* [Your objective] Your output should be exactly the lines from the one containing "Portrait of young" through the final line of the records, both included, with every picture left out.

Short web captions

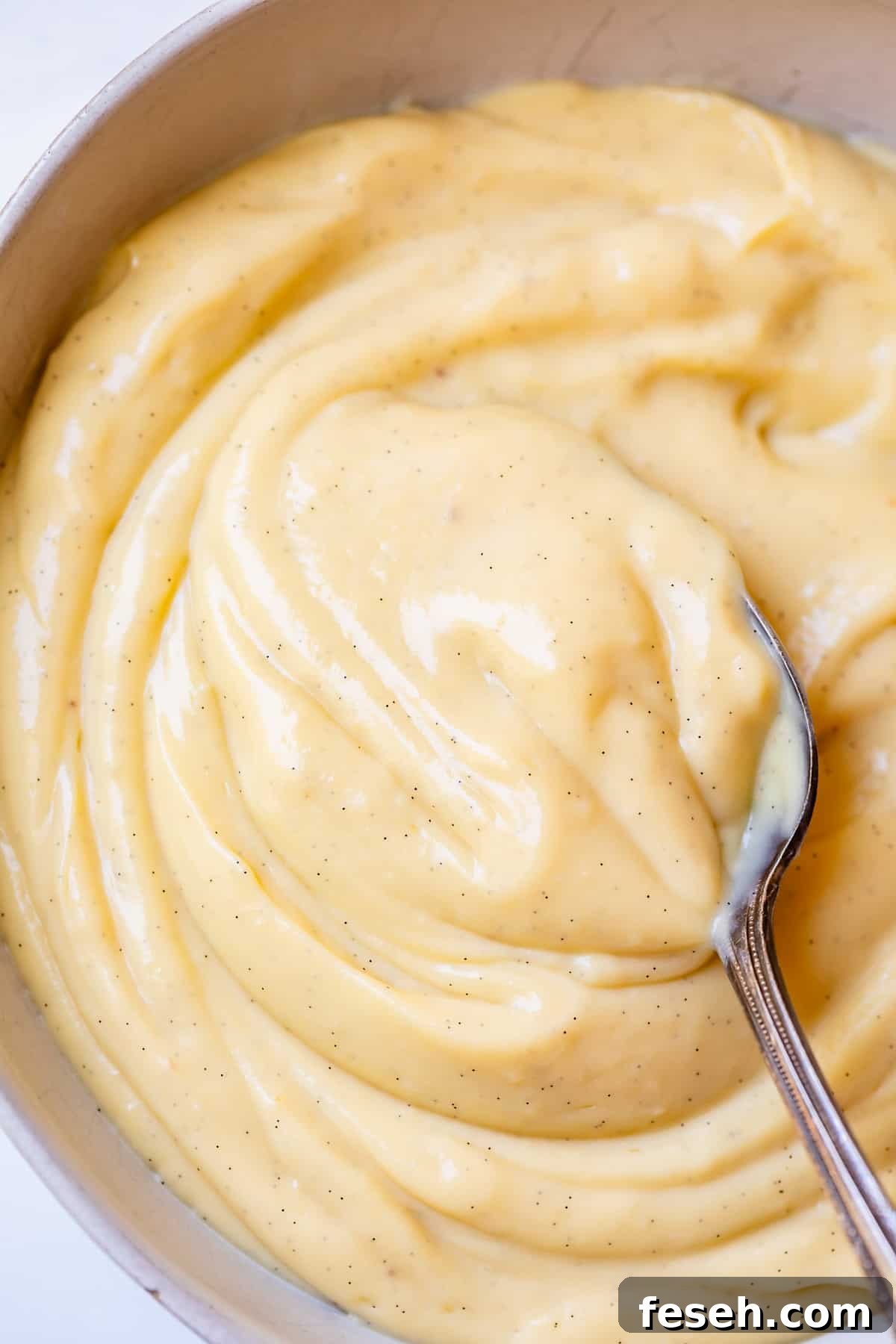 a silver spoon stirring homemade vanilla pastry cream in a bowl.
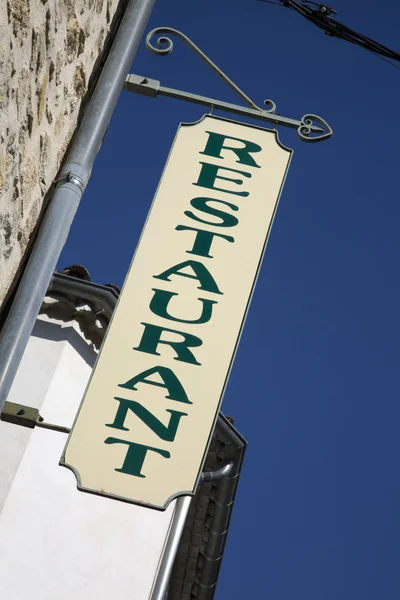 Yellow Restaurant Sign on Blue Sky — Stock Photo, Image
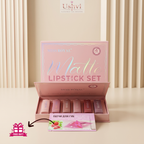 An open pink Miss Royal Matte Lipstick Set box displayed on a beige surface with vertical beige drapery in the background. Several lipsticks in nude pink shades are visible inside the box, and a small pink free gift card is placed in front.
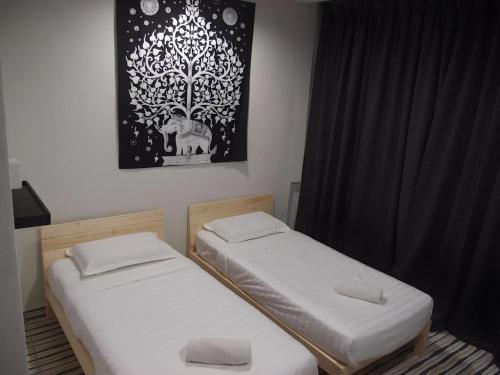 two beds in a room with a picture on the wall at De Chukai Hotel in Cukai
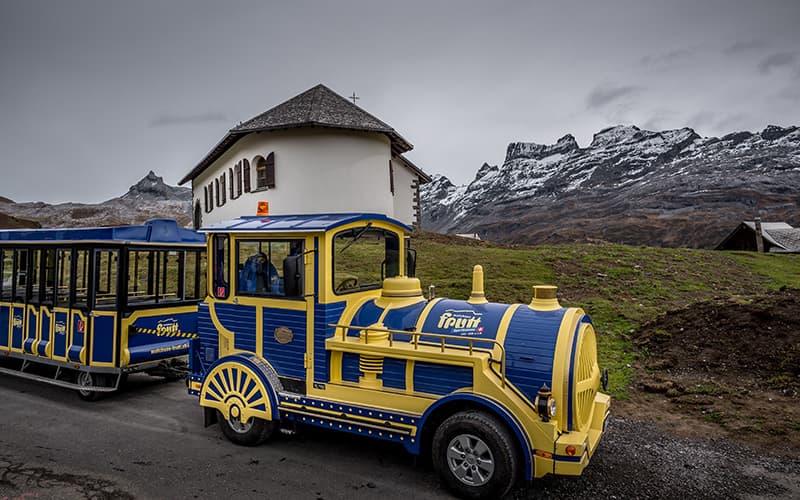 Blue and yellow tourist train at Melchsee-Frutt in Switzerland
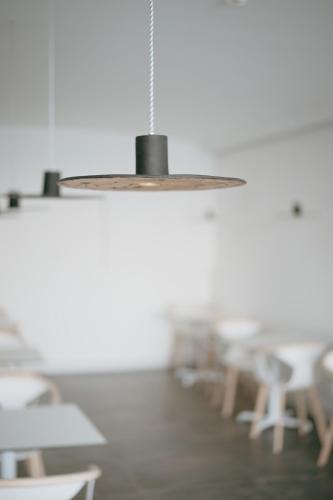 a pendant light in a room with tables and chairs at Mon Signor in Kamari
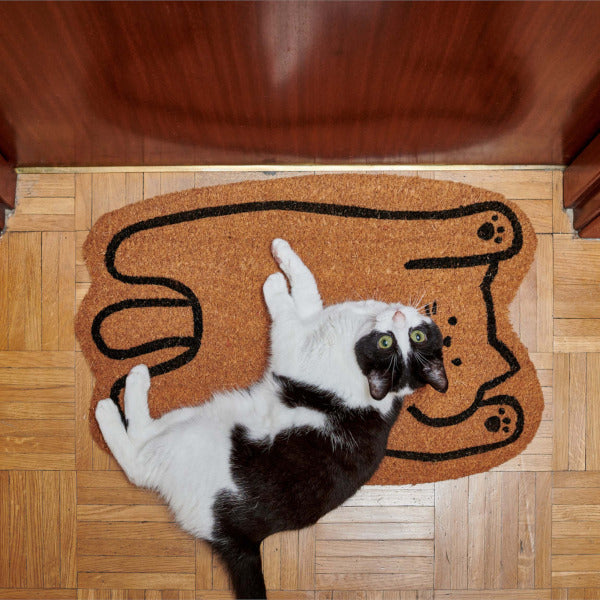 Gato blanco y negro tumbado sobre un felpudo con forma de gato boca arriba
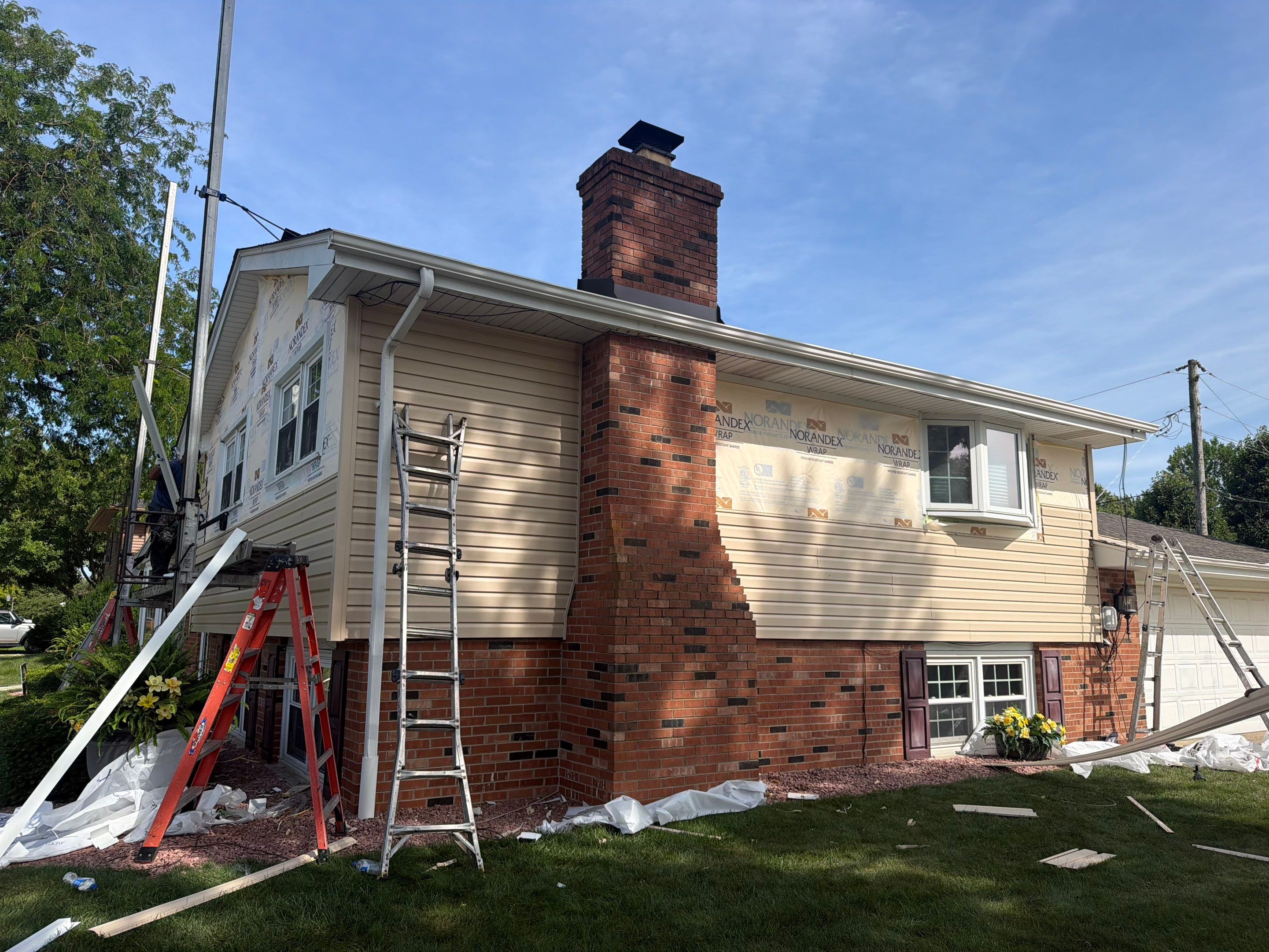 Roof, gutters, windows & siding replacement by Optimal Home Improvement 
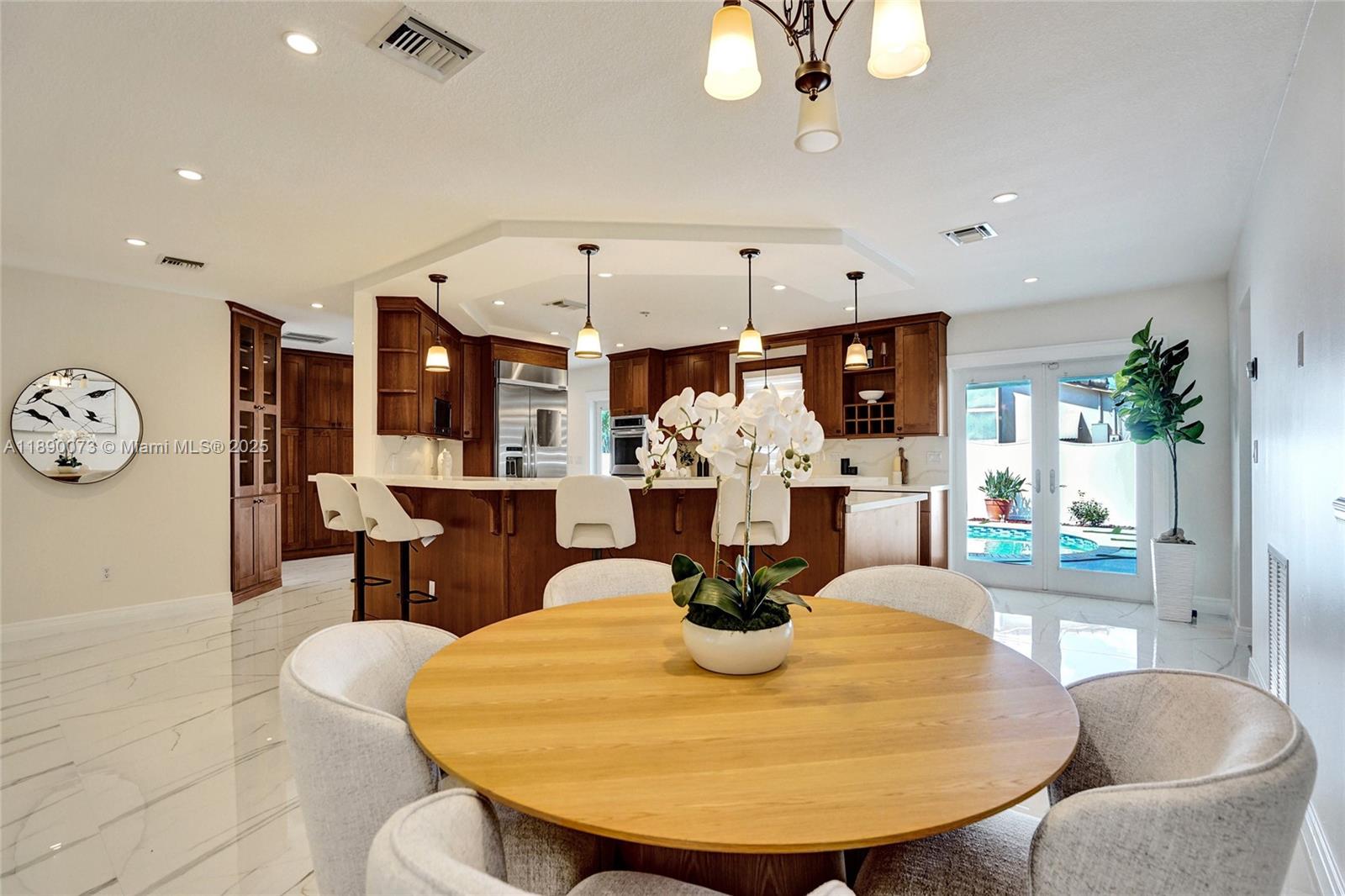 300 North 53 Avenue Hollywood, FL 33021 - Photo 17 of 77 a dining room with wooden floor furniture and kitchen view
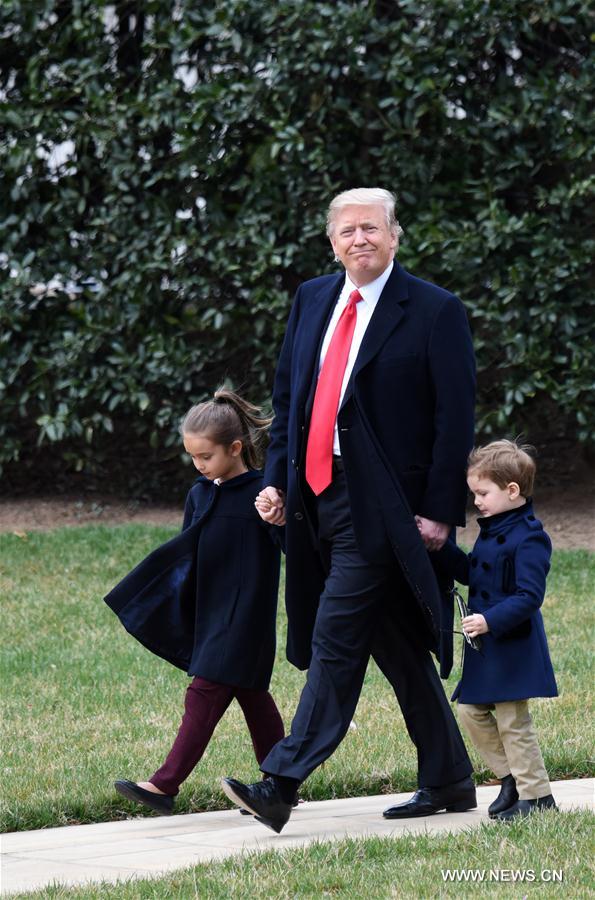 U.S. President Donald Trump walks with his grandchildren Arabella Kushner (L) and Joseph Kushner (R) to board Marine One from the White House in Washington D.C., the United States, March 3, 2017.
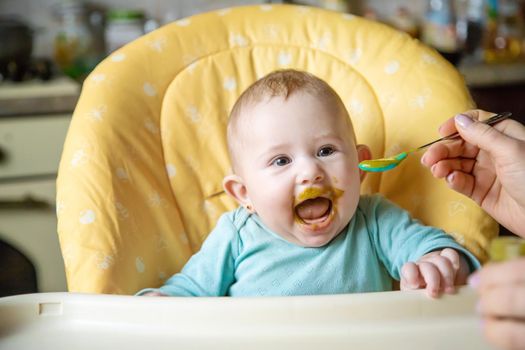 Little baby is eating broccoli vegetable puree. Selective focus. people.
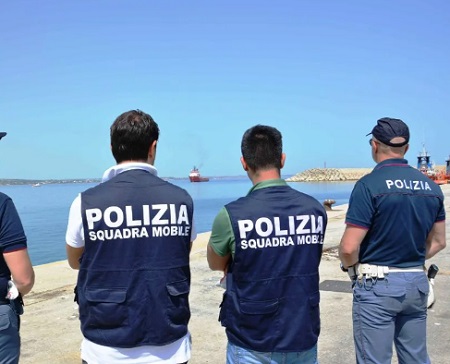 migranti polizia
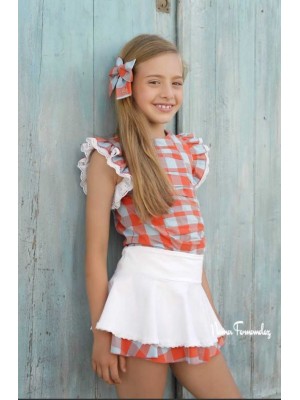 Conjunto Burdeos Noma Fernández blusa y short efecto falda
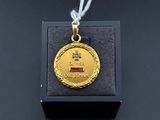 l'image d'une médaille d'or posée sur une boîte noire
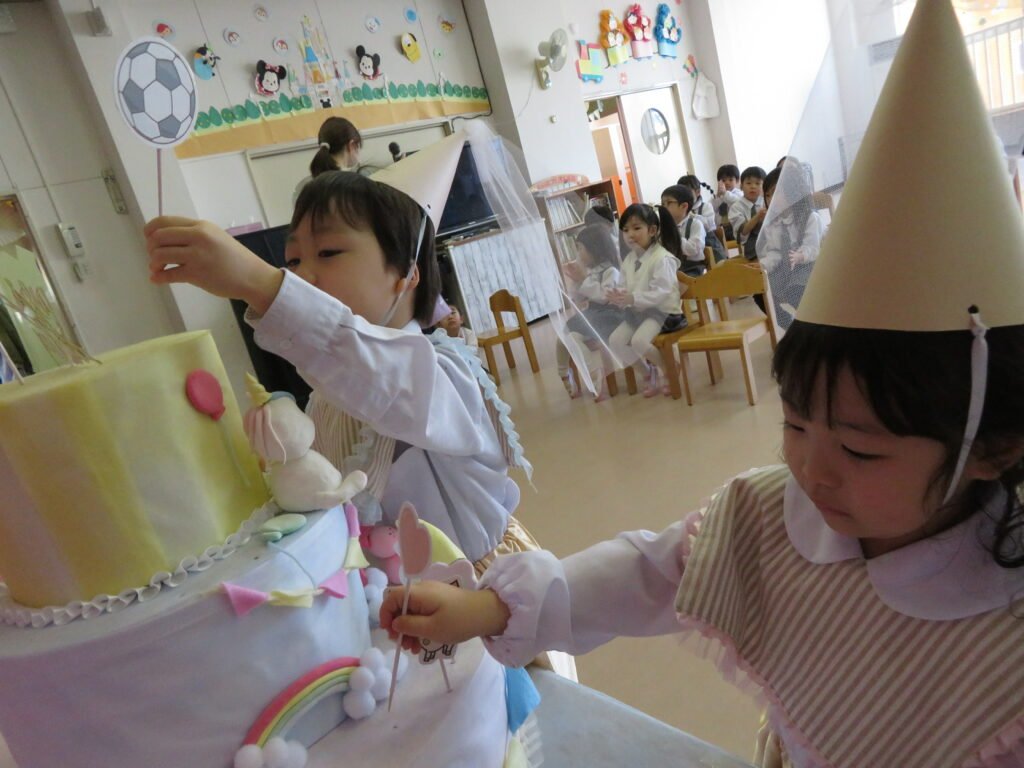 ケーキに飾り付けをする誕生児たち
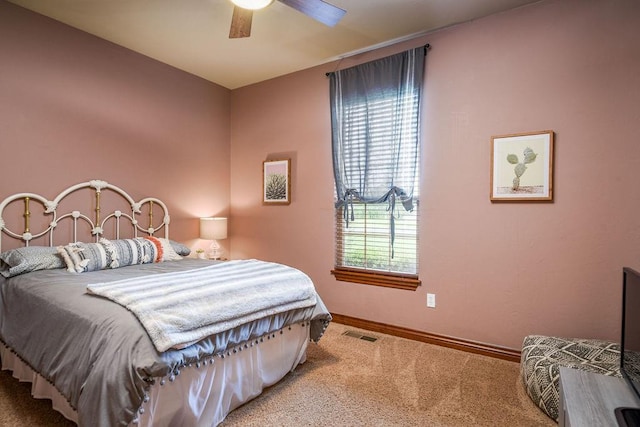 bedroom featuring visible vents, ceiling fan, baseboards, and carpet floors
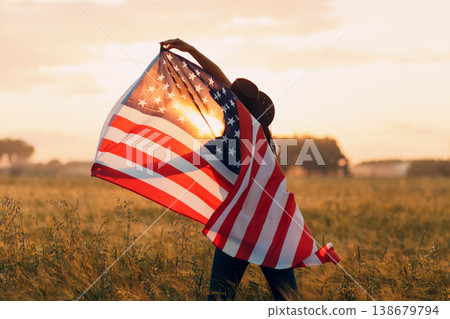Woman farmer in the agricultural field with american flag on sunset. 138679794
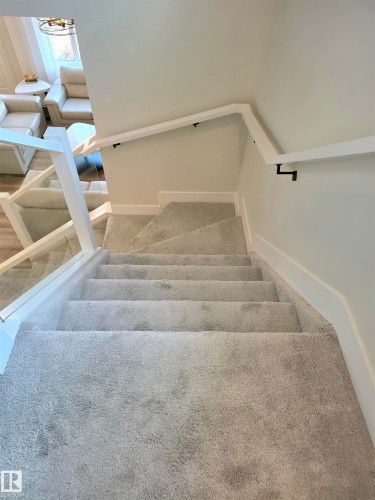 Staircase with light gray carpet and white wall-mounted handrail - 20827 130 Avenue Nw, Edmonton, AB 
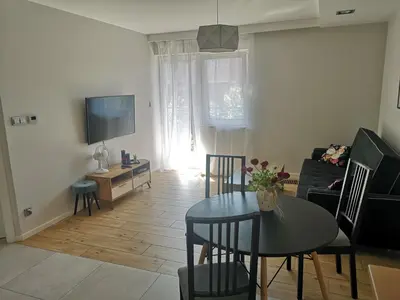 Telewizja i/lub zestaw kina domowego w obiekcie Apartament Marzenie 8 - Opole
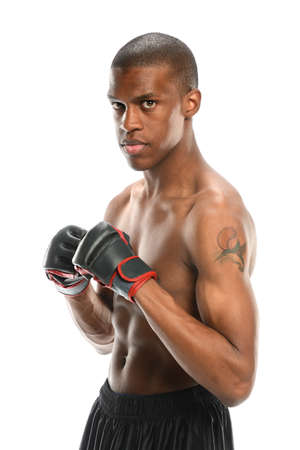 Portrait of young African American man with mixed martial arts gloves isolated over white backgroundの写真素材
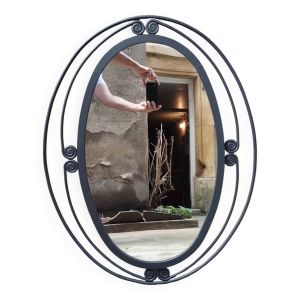 Miroir ovale vintage en fer forgé à décor de spirales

* [Exercise response]
 Portrait of young African American man with mixed martial arts gloves isolated over white backgroundの写真素材
 Miroir ovale vintage en fer forgé à décor de spirales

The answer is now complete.